By Robbie Neiswanger
Arkansas News Bureau • firstname.lastname@example.org
FAYETTEVILLE — Arkansas has busted through some big barriers this season.
The Razorbacks snapped a 12-game losing streak at Mississippi State last month, winning in Starkville for the first time since 2000. They erased a 20-year drought in Kentucky’s Rupp Arena a few nights later, enjoying an even bigger moment.
Arkansas also has reached the 20-win mark for the first time since 2008, pieced together its longest Southeastern Conference win streak since 1998, and logged its second straight season above .500 in league play for the first time since 1998 and 1999.
The accomplishments are proof of Arkansas’ progress in its third season under coach Mike Anderson. But the Razorbacks aren’t satisfied.
"I want to finish out with a bang," Arkansas guard Mardracus Wade said.
The Razorbacks have to clear another hurdle— one that has tripped them the past five years — to accomplish it. Arkansas (21-10, 10-8 in SEC) opens the 2014 Southeastern Conference Tournament against South Carolina today at 2:30, looking for its first postseason win — of any kind — since 2008.
The Razorbacks haven’t enjoyed any success since reaching the SEC Tournament title game that season, eventually advancing to the second round of the NCAA Tournament. There only has been postseason ineptness since with five straight seasons ending because of first-round losses in the SEC Tournament.
Anderson and his team don’t want the one-and-done dilemma to continue.
"I really feel our team is made for the tournament," Anderson said. "I think this particular team is certainly primed for the tournament. But the biggest and most important thing is that first game. You got to get past that first game. So unfortunately, I guess through the years, Arkansas hasn’t been able to get past those games, and even in my first two years. So let’s turn the trend."
There’s added incentive this time for a program that has limped into the SEC Tournament for most of the past six years. The Razorbacks have to avoid a first-round stumble if they have shot of reaching the NCAA Tournament.
NCAA bracket experts like ESPN’s Joe Lunardi and CBS Sports’ Jerry Palm regard Arkansas as one of the last four teams in the 68-team field after its 25-point loss at Alabama last week.
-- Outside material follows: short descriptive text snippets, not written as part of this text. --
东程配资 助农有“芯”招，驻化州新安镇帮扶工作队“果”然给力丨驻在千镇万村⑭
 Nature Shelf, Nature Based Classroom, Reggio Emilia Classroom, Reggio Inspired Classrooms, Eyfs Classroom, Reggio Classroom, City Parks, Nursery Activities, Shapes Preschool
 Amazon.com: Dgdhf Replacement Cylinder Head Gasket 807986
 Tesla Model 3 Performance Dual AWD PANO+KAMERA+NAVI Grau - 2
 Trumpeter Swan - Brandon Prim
It’s no secret another loss would knock the Razorbacks off the bubble and, likely, push them into the 32-team National Invitation Tournament.
It’s nice to have a probable consolation prize waiting considering Arkansas’ lengthy postseason drought. But the Razorbacks, who are led by a five-man senior class getting its last chance to reach the NCAA Tournament, don’t want to think about the alternative as they make their last impression before Selection Sunday.
"You definitely want to end it on a high by playing in the (NCAA) tournament," said guard Fred Gulley, who is the only Razorback who has played in an NCAA Tournament game. "There’s no place like the tournament."
South Carolina is the first potential roadblock after beating Auburn in a first-round game on Wednesday night. The winner of today’s game will advance to the quarterfinals, facing No. 4 seed Tennessee on Friday.
An Arkansas-Tennessee game would carry important NCAA Tournament ramifications. Both teams are fighting for one of the few remaining at-large spots in the 68-team field. The winner will help its case. The loser stands on shaky ground.
But Arkansas refuses to look ahead. It’s a good idea, considering their recent history.
Wade, Rickey Scott and Kikko Haydar have been part of the program for three of the 0-1 appearances at the SEC Tournament. So Wade said the veterans know nothing will come easy even though Arkansas is expected to advance tonight.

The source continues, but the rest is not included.